Spotlight On: Elyse Wyman

Elyse Wyman, I'llGetForget, Encaustic, 24 x 18"
Veil of Fog

These Encaustic paintings are a visual (as well as visceral) response to the free verse poetry my mother expressed in the final years preceding her death from Alzheimer’s Disease. As she was in excellent physical condition, she survived (for better or worse) for many years after she started exhibiting signs of cognitive impairment. My mother and her sister were beautiful dancers and actresses in movie musicals as well as on stage. They were loving sisters who married best friends, built houses next door to each other, and raised their children in a lively communal atmosphere. My mother was very intelligent, well-spoken, outgoing and amazingly kind.
Elyse Wyman, Right to Almost, Encaustic mixed media, 8 x 8"

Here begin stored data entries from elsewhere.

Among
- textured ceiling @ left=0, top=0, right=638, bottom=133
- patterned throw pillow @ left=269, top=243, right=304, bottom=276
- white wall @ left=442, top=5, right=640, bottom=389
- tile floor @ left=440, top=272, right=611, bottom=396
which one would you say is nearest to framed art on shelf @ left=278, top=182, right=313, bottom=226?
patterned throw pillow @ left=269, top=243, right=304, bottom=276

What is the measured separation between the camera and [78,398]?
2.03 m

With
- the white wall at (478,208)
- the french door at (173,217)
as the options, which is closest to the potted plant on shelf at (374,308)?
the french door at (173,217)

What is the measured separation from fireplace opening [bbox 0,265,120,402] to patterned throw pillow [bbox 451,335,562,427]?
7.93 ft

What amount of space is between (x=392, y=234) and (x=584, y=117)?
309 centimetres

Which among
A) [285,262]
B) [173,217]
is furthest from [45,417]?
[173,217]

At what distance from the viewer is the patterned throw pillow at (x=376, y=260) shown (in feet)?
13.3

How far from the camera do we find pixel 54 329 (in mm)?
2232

I believe my mother’s words and thoughts provide some insight into her struggle to communicate despite the unraveling of her brain. I continue to discover in them a wide range of feelings; anger, fear, humor, impatience, love and other emotions she could no longer express in a conventional manner. These paintings are a direct unfiltered response to each individual poem. I began by writing my mother’s poem on the blank surface of the canvas. I then applied layers of encaustic paint over the words, often scraping back into the layers to allow some of the poem to emerge. Sometimes the entire surface ended up covered with paint and only faint references to the written word are visible. 

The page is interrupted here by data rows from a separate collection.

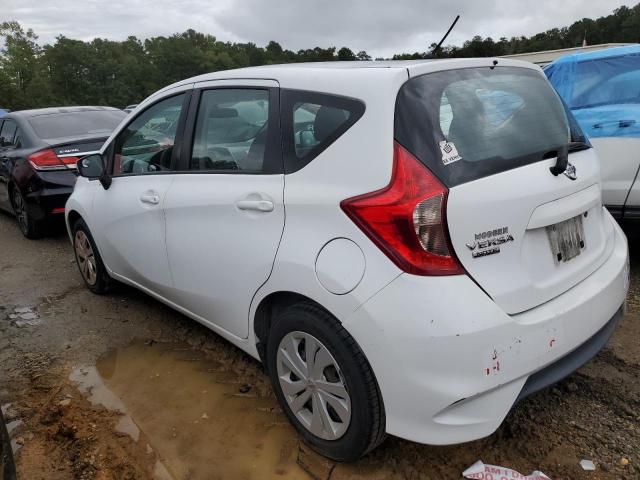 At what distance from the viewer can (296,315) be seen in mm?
2162

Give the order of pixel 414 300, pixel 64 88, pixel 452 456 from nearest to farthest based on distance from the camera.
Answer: pixel 414 300
pixel 452 456
pixel 64 88

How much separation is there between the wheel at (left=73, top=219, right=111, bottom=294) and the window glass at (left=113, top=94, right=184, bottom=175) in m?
0.80

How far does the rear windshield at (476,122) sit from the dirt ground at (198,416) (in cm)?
128

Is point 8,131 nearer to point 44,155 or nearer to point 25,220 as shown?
point 25,220

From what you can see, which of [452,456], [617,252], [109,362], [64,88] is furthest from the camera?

Elyse Wyman, Pitcher In My Fate, Encaustic, 12 x 10"
This direct painted response was analogous to the way my mother was relating to the world at that time. The paintings are emotional responses to a difficult time in both our lives. They reflect elements of both the child and the mother and the reversal of roles as we grow older. The plaques and tangles of the disease were like layers of webs and veils obscuring her ability to think clearly. She referred to this as living in a “veil of fog.” She didn’t remember the immediate past, and had no concept of the future, and therefore seemed to exist entirely in the present. I tried to make my paintings reflect that. It was liberating to allow the paint to flow in an immediate response to her words, creating a direct dialogue with not only the poem, but with each painting in progress.
Elyse Wyman, Just to Listen, Encaustic, 24 x 18"
On June 19th 7-9pm, TAG is hosting a benefit for the Southern California Alzheimer’s Association Event “The Longest Day" at the gallery. There will be a poetry reading by Maray Ayres and Ann Ryerson Hall, and Ellen Woo PhD, Director of Neuropsychology and Co-Assistant Director for the Mary S. Easton Center for Alzheimer's Research at UCLA will discuss the poetry of Elyse's mother as it relates to the disease. Wine and cheese will be served.